Cornered this to zswap and not an issue with mm or I/O. Figured out
that 3 hours soak testing on each bisect step is the only reliably way
to do a bisect. Bisected between 4.20 and 5.0 finally cornered the
issue and hence the commits required to fix this.
** Description changed:
+ == SRU Justification ==
+
+ When using zram (as installed and configured with the zram-config package)

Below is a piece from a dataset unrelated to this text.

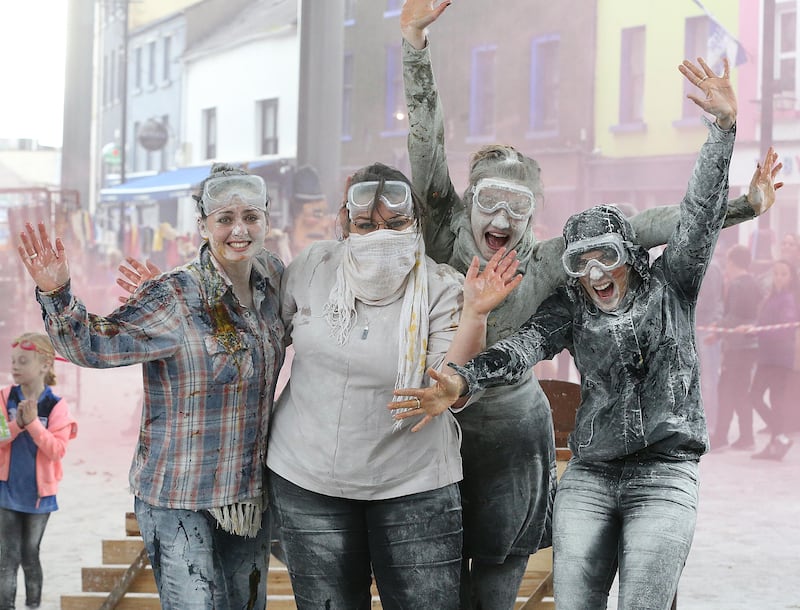 Pictured are Bethany Mcfarlen, Nora Urbach, Kadi Hull and Melia Tulinson during Blaamageddon, Waterford’s first ever Battle of the Blaa, and just one of many events on offer at Imagine Arts Festival. Photograph: Patrick Browne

+ systems can lockup after about a week of use. This occurs because of
+ a hang in a lock in zram.
+
+ == Test Case ==
+
+ Run stress-ng --brk 0 --stack 0 in a Bionic amd64 server VM with 1GM of
+ memory, 16 CPU threads and zram-config installed. Without the fix the
+ kernel will hang in a spinlock after 1-2 hours of run time. With the fix,
+ the hang does not occur. Testing shows that with the fix, 5 x 16 CPU hours
+ of stress testing with stress-ng works fine without the lockup occurring.
+
+ == The fix ==
+
+ Upstream commit c4d6c4cc7bfd ("zram: correct flag name of ZRAM_ACCESS") as
+ a prerequisite followed by a minor context wiggle backport of the fix with
+ commit 3c9959e02547 ("zram: fix lockdep warning of free block handling").
+
+ == Regression Potential ==
+
+ This touches the zram locking, so the core zram driver is affected. However
+ the fixes are backports from 5.0, so the fixes have had a fair amount of
+ testing in later kernels.
+
+
My main server has been running into hard lockups about once a week ever
since I switched to the 4.15 Ubuntu 18.04 kernel.

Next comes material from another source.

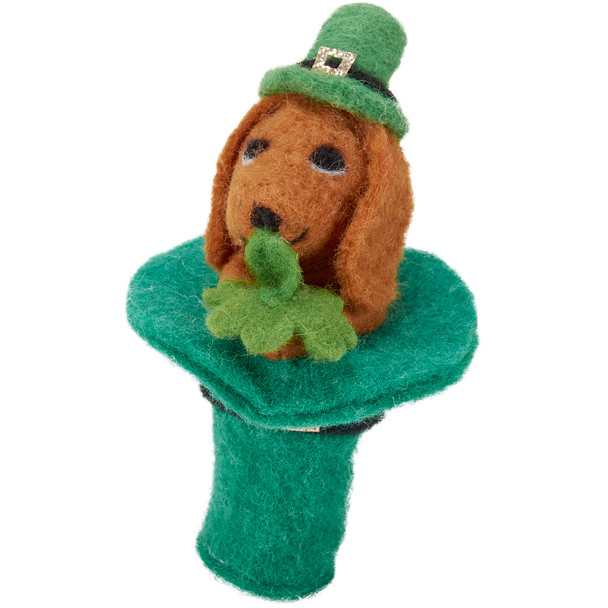 Dog Lover Felt Puppy Wearing Leprechaun Hat Sitting In Hat Figurine 4.75 Inch from Primitives by Kathy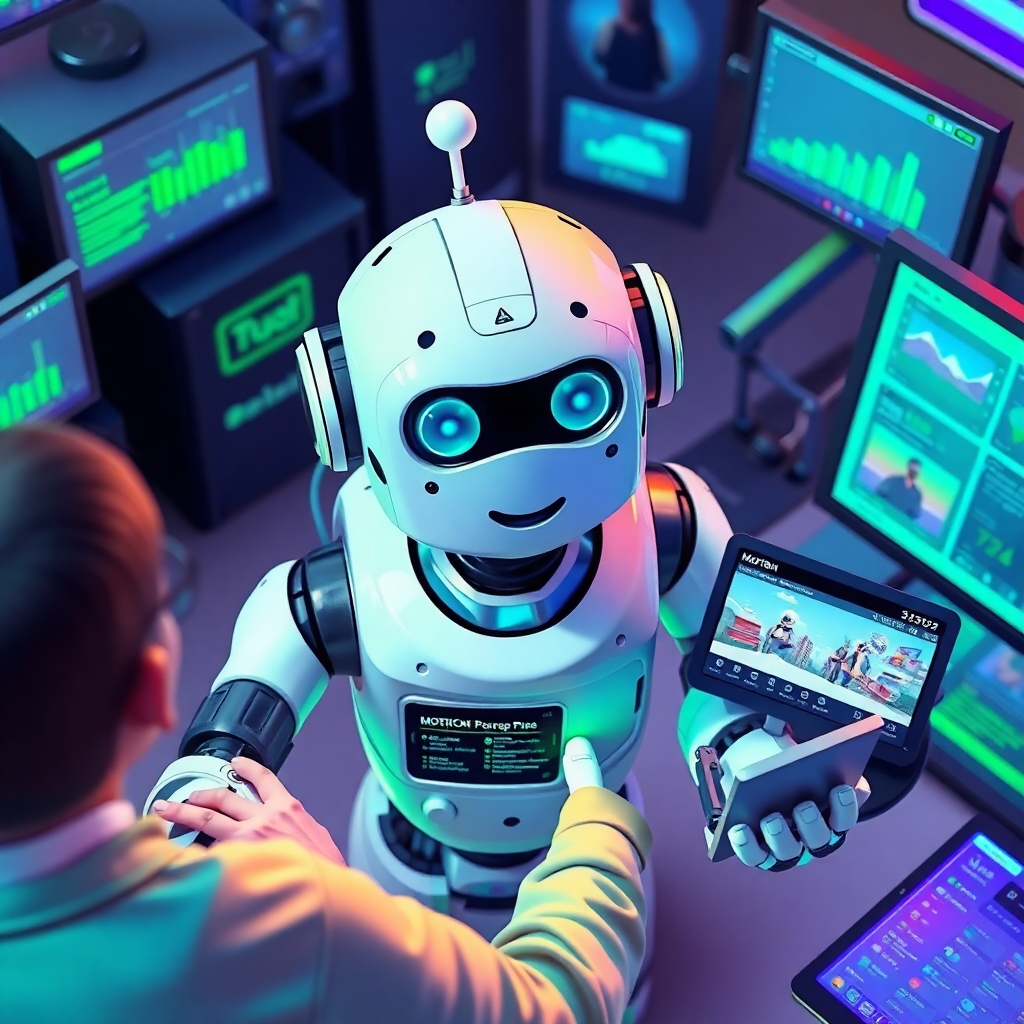 Create an energetic and vibrant scene showing an AI robot assisting a content creator. This robot should be depicted with friendly features, operating various digital devices and screens showing statistics and video tools. The color palette should incorporate bright greens and blues for a lively atmosphere. Capture an overhead view to showcase the dynamic interaction at play.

When this happens, nothing is printed to the console, it's effectively
stuck showing a login prompt. The system is running with panic=1 on the
cmdline but isn't rebooting so the kernel isn't even processing this as
a kernel panic.
-
- As this felt like a potential hardware issue, I had my hosting provider give
me a completely different system, different motherboard, different CPU,
different RAM and different storage, I installed that system on 18.04 and moved
my data over, a week later, I hit the issue again.
+ As this felt like a potential hardware issue, I had my hosting provider
+ give me a completely different system, different motherboard, different
+ CPU, different RAM and different storage, I installed that system on
+ 18.04 and moved my data over, a week later, I hit the issue again.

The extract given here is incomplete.